The light organ is an audio visualizer or special effects controller. The device is an electronic a 3-channel dimmer for incandescent lights. Each channel interprets the amplitude of one frequency band from the input audio.
This device was used in the interactive sound ard installation "infinite space kaleidoscope" by Adam Brown. See http://madanworb.com/blog/2011/02/01/infinite-space-kaleidoscope/
The dimmer is implemented with TRIAC switches, signaled through optoisolators. The dimmer controller and sound analyzer is implemented with an Atmel ATXMega128A1 8-bit microcontroller.
The dimmer circuitry also provides a rectified AC-sync signal at 2.5V. The controller analyzes this signal to determine when the TRIAC should be switched on at each point in the AC waveform. (Recall that TRIACs can only be switched off at zero-crossing, so dimmer PWM has to be syncronized to the AC carrier wave.)
Circuits were designed in the free edition of Eagle. Schematics and burnable board layouts are included in the "circuits/light organ base" and "circuits/light organ controller" folders.
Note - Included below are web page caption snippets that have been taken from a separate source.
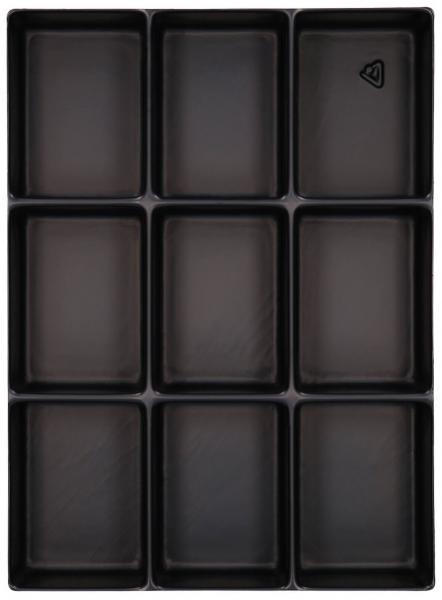 The image shows a black baking pan with nine rectangular indentations, arranged in three rows and three columns. Each indentation has a clear, square border.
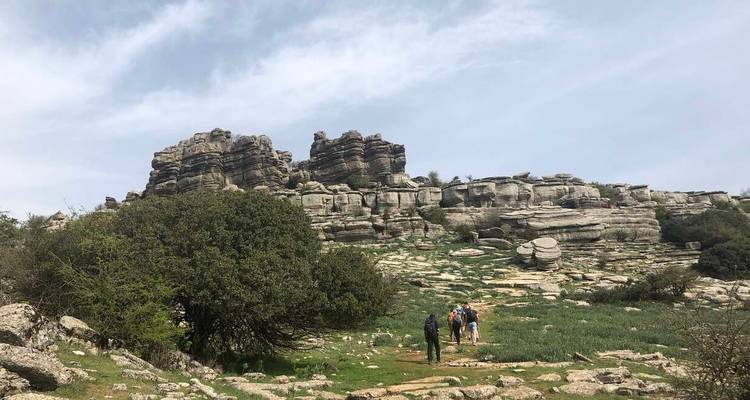 Excursionistas acercándose a las formaciones rocosas de caliza estratificada de la reserva natural de El Torcal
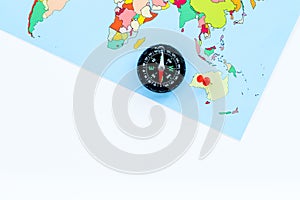 Direction of movement, travel direction. Compass and map on white background top view copy space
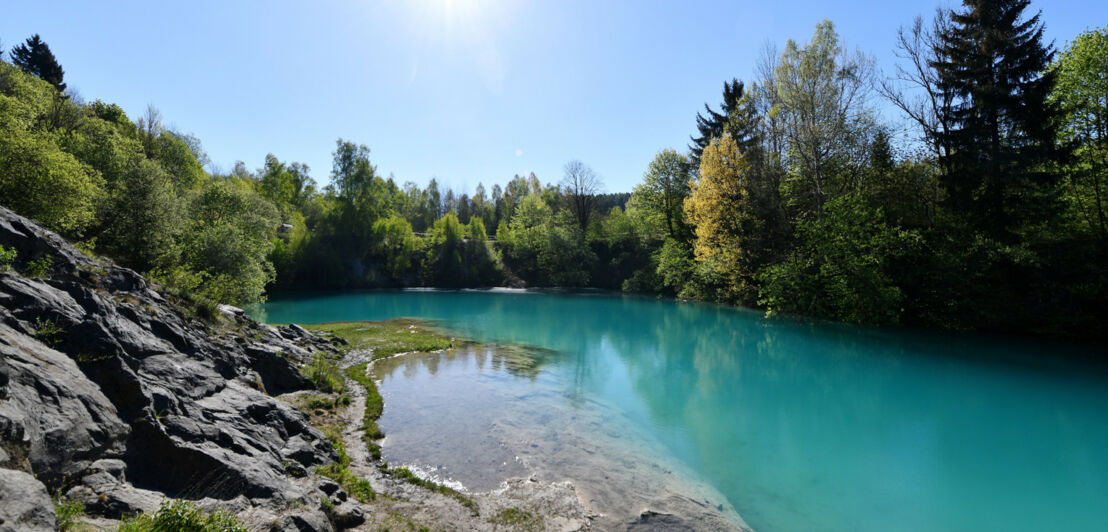 Ein kleiner, türkisblauer See, umrahmt von Bäumen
The controller software is implemented for the Atmel ATXMega128A1 - an 8-bit, 32MHz microcontroller. The responsibilities of the controller software are to:
- analyze an input waveform to find amplitudes in the three target frequency bands
- analyze the AC-sync signal to determine the mains frequency and phase
- signal the amplitude for each channel by switching the TRIACs
The software is developed and compiled with Atmel AVR Studio and depends on the XMega appnote library.